Top of Data supplied

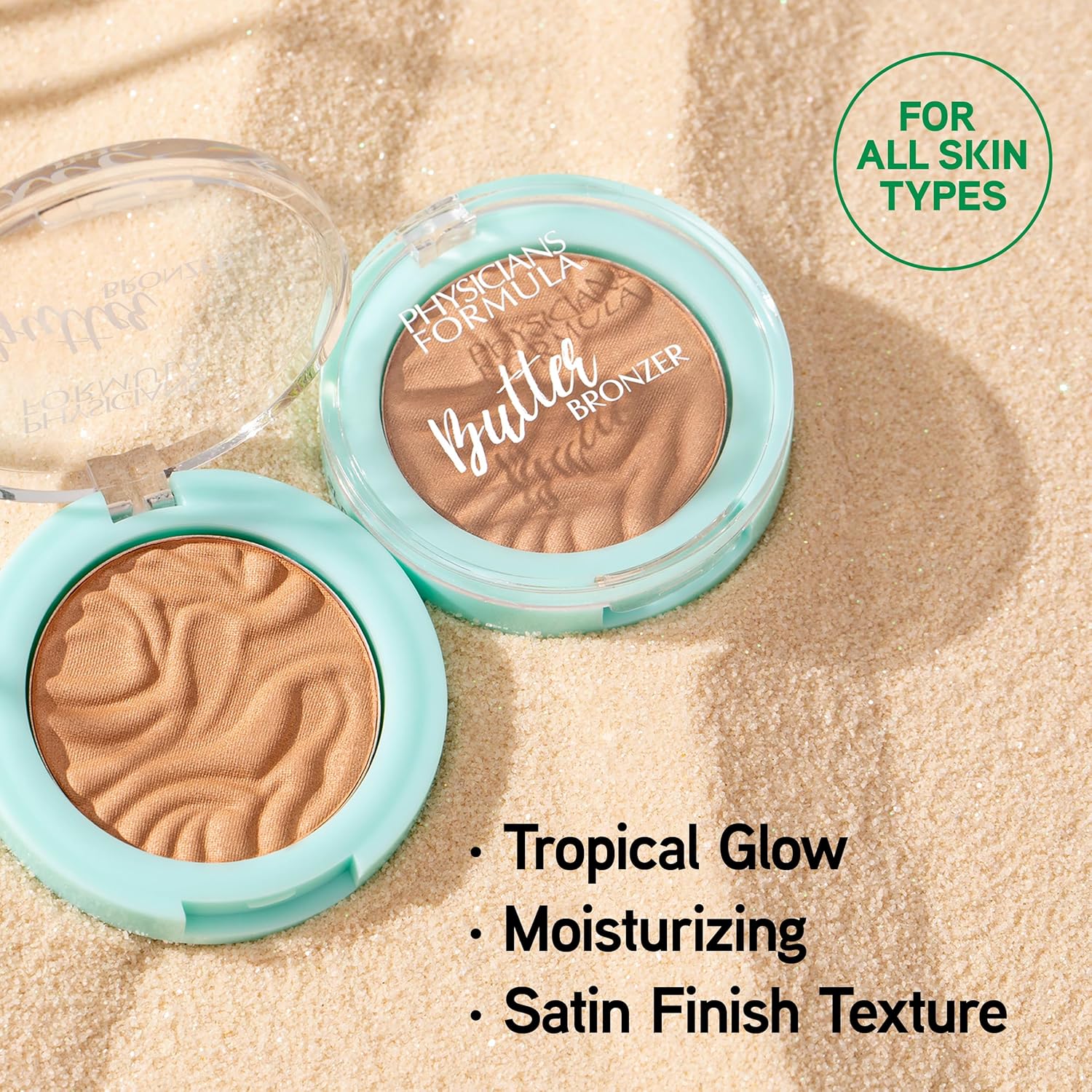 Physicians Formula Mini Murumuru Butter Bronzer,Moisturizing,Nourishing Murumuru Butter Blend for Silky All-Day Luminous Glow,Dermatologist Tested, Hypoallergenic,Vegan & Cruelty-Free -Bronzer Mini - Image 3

Bottom of Data supplied
Top of Data supplied

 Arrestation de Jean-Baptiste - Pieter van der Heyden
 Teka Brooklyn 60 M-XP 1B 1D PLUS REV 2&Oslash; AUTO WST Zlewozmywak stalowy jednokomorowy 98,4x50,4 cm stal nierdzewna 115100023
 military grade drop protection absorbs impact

Bottom of Data supplied
Top of Data supplied

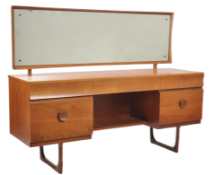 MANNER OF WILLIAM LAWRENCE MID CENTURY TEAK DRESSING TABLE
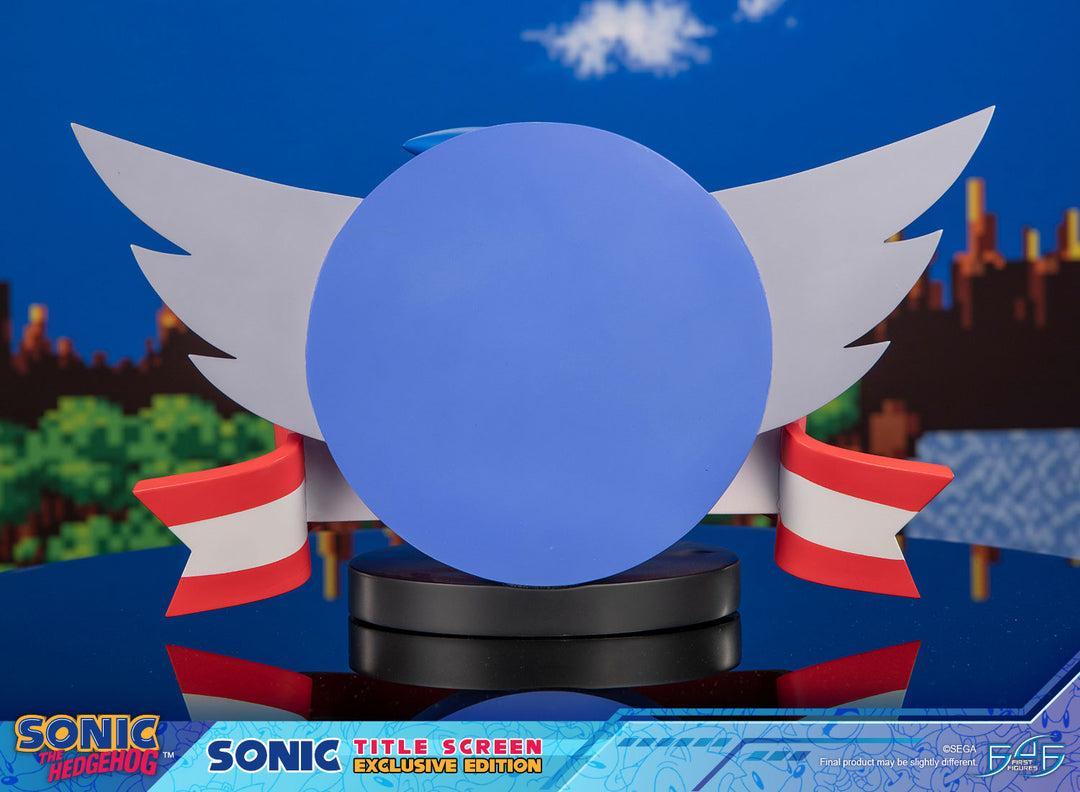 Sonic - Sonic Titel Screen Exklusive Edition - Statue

Bottom of Data supplied

* **Exercise aim**: Would you output the lines above from the line holding "MANNER OF WILLIAM" up to and including the line holding "Sonic - Sonic", exactly and only those, with no pictures?

* **Result of this task**:
 MANNER OF WILLIAM LAWRENCE MID CENTURY TEAK DRESSING TABLE
 Sonic - Sonic Titel Screen Exklusive Edition - Statue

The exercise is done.